EXERCISE GOAL:
Write out the records below once more, exactly as they stand.

SOURCE MATERIAL:
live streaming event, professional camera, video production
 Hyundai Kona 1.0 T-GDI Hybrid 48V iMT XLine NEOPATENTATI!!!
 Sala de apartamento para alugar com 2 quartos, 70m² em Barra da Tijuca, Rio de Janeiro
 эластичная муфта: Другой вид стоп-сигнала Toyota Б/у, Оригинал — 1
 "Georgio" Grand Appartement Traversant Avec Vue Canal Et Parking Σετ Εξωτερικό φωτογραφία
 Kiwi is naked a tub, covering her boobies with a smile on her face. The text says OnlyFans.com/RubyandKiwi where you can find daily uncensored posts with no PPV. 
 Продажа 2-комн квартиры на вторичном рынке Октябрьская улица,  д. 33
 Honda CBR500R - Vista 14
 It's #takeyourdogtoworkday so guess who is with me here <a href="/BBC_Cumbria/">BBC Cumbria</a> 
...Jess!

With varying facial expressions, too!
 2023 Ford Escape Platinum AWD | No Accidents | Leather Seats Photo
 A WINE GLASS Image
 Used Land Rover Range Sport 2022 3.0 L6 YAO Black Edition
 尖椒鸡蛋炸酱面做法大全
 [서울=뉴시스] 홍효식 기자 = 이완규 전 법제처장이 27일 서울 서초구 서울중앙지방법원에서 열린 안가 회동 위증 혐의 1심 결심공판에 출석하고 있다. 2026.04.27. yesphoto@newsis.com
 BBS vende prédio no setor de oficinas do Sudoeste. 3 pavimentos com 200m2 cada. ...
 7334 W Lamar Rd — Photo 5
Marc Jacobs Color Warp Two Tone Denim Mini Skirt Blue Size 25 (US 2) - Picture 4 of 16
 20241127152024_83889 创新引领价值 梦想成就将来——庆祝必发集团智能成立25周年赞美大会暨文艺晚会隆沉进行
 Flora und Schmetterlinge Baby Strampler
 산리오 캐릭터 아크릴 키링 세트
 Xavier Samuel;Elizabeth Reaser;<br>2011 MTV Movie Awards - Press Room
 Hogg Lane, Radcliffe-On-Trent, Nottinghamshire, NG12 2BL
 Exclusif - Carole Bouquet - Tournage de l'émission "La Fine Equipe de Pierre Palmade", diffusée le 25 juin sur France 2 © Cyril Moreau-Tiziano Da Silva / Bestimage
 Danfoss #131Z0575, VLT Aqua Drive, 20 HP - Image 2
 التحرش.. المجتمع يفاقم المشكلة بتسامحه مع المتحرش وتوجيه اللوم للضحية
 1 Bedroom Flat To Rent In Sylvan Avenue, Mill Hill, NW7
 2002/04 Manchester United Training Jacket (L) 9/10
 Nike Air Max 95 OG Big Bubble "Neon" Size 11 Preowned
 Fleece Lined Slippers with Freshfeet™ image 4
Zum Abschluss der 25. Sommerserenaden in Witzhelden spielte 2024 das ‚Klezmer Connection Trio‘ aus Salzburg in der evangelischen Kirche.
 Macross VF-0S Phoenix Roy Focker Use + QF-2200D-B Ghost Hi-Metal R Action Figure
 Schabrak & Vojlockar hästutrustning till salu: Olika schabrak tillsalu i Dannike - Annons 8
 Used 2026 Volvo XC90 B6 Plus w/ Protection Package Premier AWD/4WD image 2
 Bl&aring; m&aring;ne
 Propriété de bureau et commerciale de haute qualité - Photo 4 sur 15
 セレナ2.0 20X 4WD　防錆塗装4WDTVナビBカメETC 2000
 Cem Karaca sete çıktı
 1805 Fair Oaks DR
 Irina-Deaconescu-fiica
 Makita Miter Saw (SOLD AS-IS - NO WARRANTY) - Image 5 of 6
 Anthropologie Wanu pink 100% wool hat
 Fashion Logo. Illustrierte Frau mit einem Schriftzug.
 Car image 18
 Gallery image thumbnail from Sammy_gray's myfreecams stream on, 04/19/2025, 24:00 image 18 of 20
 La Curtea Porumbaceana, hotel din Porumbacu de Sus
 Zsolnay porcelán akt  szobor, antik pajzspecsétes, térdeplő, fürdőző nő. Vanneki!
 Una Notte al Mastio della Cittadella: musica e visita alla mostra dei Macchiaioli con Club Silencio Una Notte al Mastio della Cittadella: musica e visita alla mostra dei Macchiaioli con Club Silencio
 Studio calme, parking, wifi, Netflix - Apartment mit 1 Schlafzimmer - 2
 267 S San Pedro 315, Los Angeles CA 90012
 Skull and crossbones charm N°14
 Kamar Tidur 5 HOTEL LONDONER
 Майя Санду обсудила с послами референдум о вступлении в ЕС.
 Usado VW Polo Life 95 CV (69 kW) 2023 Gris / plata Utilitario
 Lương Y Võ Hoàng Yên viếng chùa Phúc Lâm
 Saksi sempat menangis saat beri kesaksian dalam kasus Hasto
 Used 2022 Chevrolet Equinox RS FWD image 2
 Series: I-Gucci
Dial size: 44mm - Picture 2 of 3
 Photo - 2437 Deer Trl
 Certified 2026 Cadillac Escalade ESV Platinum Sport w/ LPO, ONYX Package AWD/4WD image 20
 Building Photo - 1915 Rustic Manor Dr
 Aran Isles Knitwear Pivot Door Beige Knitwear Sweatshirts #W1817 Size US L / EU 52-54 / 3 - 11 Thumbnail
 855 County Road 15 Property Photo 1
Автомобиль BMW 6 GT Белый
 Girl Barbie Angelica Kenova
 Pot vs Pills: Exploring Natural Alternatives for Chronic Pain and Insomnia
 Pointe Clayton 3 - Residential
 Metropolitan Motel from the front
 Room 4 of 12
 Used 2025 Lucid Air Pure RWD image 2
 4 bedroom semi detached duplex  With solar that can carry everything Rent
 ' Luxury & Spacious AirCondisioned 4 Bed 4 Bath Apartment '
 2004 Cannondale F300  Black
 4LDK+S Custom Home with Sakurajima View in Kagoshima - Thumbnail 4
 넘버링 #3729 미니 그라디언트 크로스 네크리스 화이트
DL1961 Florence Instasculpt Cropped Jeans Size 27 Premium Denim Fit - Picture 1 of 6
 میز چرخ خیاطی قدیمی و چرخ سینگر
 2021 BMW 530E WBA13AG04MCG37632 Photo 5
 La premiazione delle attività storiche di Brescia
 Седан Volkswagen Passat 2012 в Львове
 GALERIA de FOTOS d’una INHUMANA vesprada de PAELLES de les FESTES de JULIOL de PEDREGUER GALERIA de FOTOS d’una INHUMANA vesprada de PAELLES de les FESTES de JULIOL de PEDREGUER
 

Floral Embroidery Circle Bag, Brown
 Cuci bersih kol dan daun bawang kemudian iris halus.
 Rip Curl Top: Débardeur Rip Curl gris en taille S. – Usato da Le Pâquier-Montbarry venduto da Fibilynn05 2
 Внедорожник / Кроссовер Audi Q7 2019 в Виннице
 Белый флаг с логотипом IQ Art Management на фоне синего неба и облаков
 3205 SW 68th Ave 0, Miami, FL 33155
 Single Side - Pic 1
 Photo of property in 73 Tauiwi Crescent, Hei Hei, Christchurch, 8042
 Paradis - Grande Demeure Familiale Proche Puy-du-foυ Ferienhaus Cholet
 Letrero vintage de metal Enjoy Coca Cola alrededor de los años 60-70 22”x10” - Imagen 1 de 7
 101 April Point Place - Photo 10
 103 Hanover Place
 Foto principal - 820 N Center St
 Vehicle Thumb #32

COMPLETED TASK:
live streaming event, professional camera, video production
 Hyundai Kona 1.0 T-GDI Hybrid 48V iMT XLine NEOPATENTATI!!!
 Sala de apartamento para alugar com 2 quartos, 70m² em Barra da Tijuca, Rio de Janeiro
 эластичная муфта: Другой вид стоп-сигнала Toyota Б/у, Оригинал — 1
 "Georgio" Grand Appartement Traversant Avec Vue Canal Et Parking Σετ Εξωτερικό φωτογραφία
 Kiwi is naked a tub, covering her boobies with a smile on her face. The text says OnlyFans.com/RubyandKiwi where you can find daily uncensored posts with no PPV. 
 Продажа 2-комн квартиры на вторичном рынке Октябрьская улица,  д. 33
 Honda CBR500R - Vista 14
 It's #takeyourdogtoworkday so guess who is with me here <a href="/BBC_Cumbria/">BBC Cumbria</a> 
...Jess!

With varying facial expressions, too!
 2023 Ford Escape Platinum AWD | No Accidents | Leather Seats Photo
 A WINE GLASS Image
 Used Land Rover Range Sport 2022 3.0 L6 YAO Black Edition
 尖椒鸡蛋炸酱面做法大全
 [서울=뉴시스] 홍효식 기자 = 이완규 전 법제처장이 27일 서울 서초구 서울중앙지방법원에서 열린 안가 회동 위증 혐의 1심 결심공판에 출석하고 있다. 2026.04.27. yesphoto@newsis.com
 BBS vende prédio no setor de oficinas do Sudoeste. 3 pavimentos com 200m2 cada. ...
 7334 W Lamar Rd — Photo 5
Marc Jacobs Color Warp Two Tone Denim Mini Skirt Blue Size 25 (US 2) - Picture 4 of 16
 20241127152024_83889 创新引领价值 梦想成就将来——庆祝必发集团智能成立25周年赞美大会暨文艺晚会隆沉进行
 Flora und Schmetterlinge Baby Strampler
 산리오 캐릭터 아크릴 키링 세트
 Xavier Samuel;Elizabeth Reaser;<br>2011 MTV Movie Awards - Press Room
 Hogg Lane, Radcliffe-On-Trent, Nottinghamshire, NG12 2BL
 Exclusif - Carole Bouquet - Tournage de l'émission "La Fine Equipe de Pierre Palmade", diffusée le 25 juin sur France 2 © Cyril Moreau-Tiziano Da Silva / Bestimage
 Danfoss #131Z0575, VLT Aqua Drive, 20 HP - Image 2
 التحرش.. المجتمع يفاقم المشكلة بتسامحه مع المتحرش وتوجيه اللوم للضحية
 1 Bedroom Flat To Rent In Sylvan Avenue, Mill Hill, NW7
 2002/04 Manchester United Training Jacket (L) 9/10
 Nike Air Max 95 OG Big Bubble "Neon" Size 11 Preowned
 Fleece Lined Slippers with Freshfeet™ image 4
Zum Abschluss der 25. Sommerserenaden in Witzhelden spielte 2024 das ‚Klezmer Connection Trio‘ aus Salzburg in der evangelischen Kirche.
 Macross VF-0S Phoenix Roy Focker Use + QF-2200D-B Ghost Hi-Metal R Action Figure
 Schabrak & Vojlockar hästutrustning till salu: Olika schabrak tillsalu i Dannike - Annons 8
 Used 2026 Volvo XC90 B6 Plus w/ Protection Package Premier AWD/4WD image 2
 Bl&aring; m&aring;ne
 Propriété de bureau et commerciale de haute qualité - Photo 4 sur 15
 セレナ2.0 20X 4WD　防錆塗装4WDTVナビBカメETC 2000
 Cem Karaca sete çıktı
 1805 Fair Oaks DR
 Irina-Deaconescu-fiica
 Makita Miter Saw (SOLD AS-IS - NO WARRANTY) - Image 5 of 6
 Anthropologie Wanu pink 100% wool hat
 Fashion Logo. Illustrierte Frau mit einem Schriftzug.
 Car image 18
 Gallery image thumbnail from Sammy_gray's myfreecams stream on, 04/19/2025, 24:00 image 18 of 20
 La Curtea Porumbaceana, hotel din Porumbacu de Sus
 Zsolnay porcelán akt  szobor, antik pajzspecsétes, térdeplő, fürdőző nő. Vanneki!
 Una Notte al Mastio della Cittadella: musica e visita alla mostra dei Macchiaioli con Club Silencio Una Notte al Mastio della Cittadella: musica e visita alla mostra dei Macchiaioli con Club Silencio
 Studio calme, parking, wifi, Netflix - Apartment mit 1 Schlafzimmer - 2
 267 S San Pedro 315, Los Angeles CA 90012
 Skull and crossbones charm N°14
 Kamar Tidur 5 HOTEL LONDONER
 Майя Санду обсудила с послами референдум о вступлении в ЕС.
 Usado VW Polo Life 95 CV (69 kW) 2023 Gris / plata Utilitario
 Lương Y Võ Hoàng Yên viếng chùa Phúc Lâm
 Saksi sempat menangis saat beri kesaksian dalam kasus Hasto
 Used 2022 Chevrolet Equinox RS FWD image 2
 Series: I-Gucci
Dial size: 44mm - Picture 2 of 3
 Photo - 2437 Deer Trl
 Certified 2026 Cadillac Escalade ESV Platinum Sport w/ LPO, ONYX Package AWD/4WD image 20
 Building Photo - 1915 Rustic Manor Dr
 Aran Isles Knitwear Pivot Door Beige Knitwear Sweatshirts #W1817 Size US L / EU 52-54 / 3 - 11 Thumbnail
 855 County Road 15 Property Photo 1
Автомобиль BMW 6 GT Белый
 Girl Barbie Angelica Kenova
 Pot vs Pills: Exploring Natural Alternatives for Chronic Pain and Insomnia
 Pointe Clayton 3 - Residential
 Metropolitan Motel from the front
 Room 4 of 12
 Used 2025 Lucid Air Pure RWD image 2
 4 bedroom semi detached duplex  With solar that can carry everything Rent
 ' Luxury & Spacious AirCondisioned 4 Bed 4 Bath Apartment '
 2004 Cannondale F300  Black
 4LDK+S Custom Home with Sakurajima View in Kagoshima - Thumbnail 4
 넘버링 #3729 미니 그라디언트 크로스 네크리스 화이트
DL1961 Florence Instasculpt Cropped Jeans Size 27 Premium Denim Fit - Picture 1 of 6
 میز چرخ خیاطی قدیمی و چرخ سینگر
 2021 BMW 530E WBA13AG04MCG37632 Photo 5
 La premiazione delle attività storiche di Brescia
 Седан Volkswagen Passat 2012 в Львове
 GALERIA de FOTOS d’una INHUMANA vesprada de PAELLES de les FESTES de JULIOL de PEDREGUER GALERIA de FOTOS d’una INHUMANA vesprada de PAELLES de les FESTES de JULIOL de PEDREGUER
 

Floral Embroidery Circle Bag, Brown
 Cuci bersih kol dan daun bawang kemudian iris halus.
 Rip Curl Top: Débardeur Rip Curl gris en taille S. – Usato da Le Pâquier-Montbarry venduto da Fibilynn05 2
 Внедорожник / Кроссовер Audi Q7 2019 в Виннице
 Белый флаг с логотипом IQ Art Management на фоне синего неба и облаков
 3205 SW 68th Ave 0, Miami, FL 33155
 Single Side - Pic 1
 Photo of property in 73 Tauiwi Crescent, Hei Hei, Christchurch, 8042
 Paradis - Grande Demeure Familiale Proche Puy-du-foυ Ferienhaus Cholet
 Letrero vintage de metal Enjoy Coca Cola alrededor de los años 60-70 22”x10” - Imagen 1 de 7
 101 April Point Place - Photo 10
 103 Hanover Place
 Foto principal - 820 N Center St
 Vehicle Thumb #32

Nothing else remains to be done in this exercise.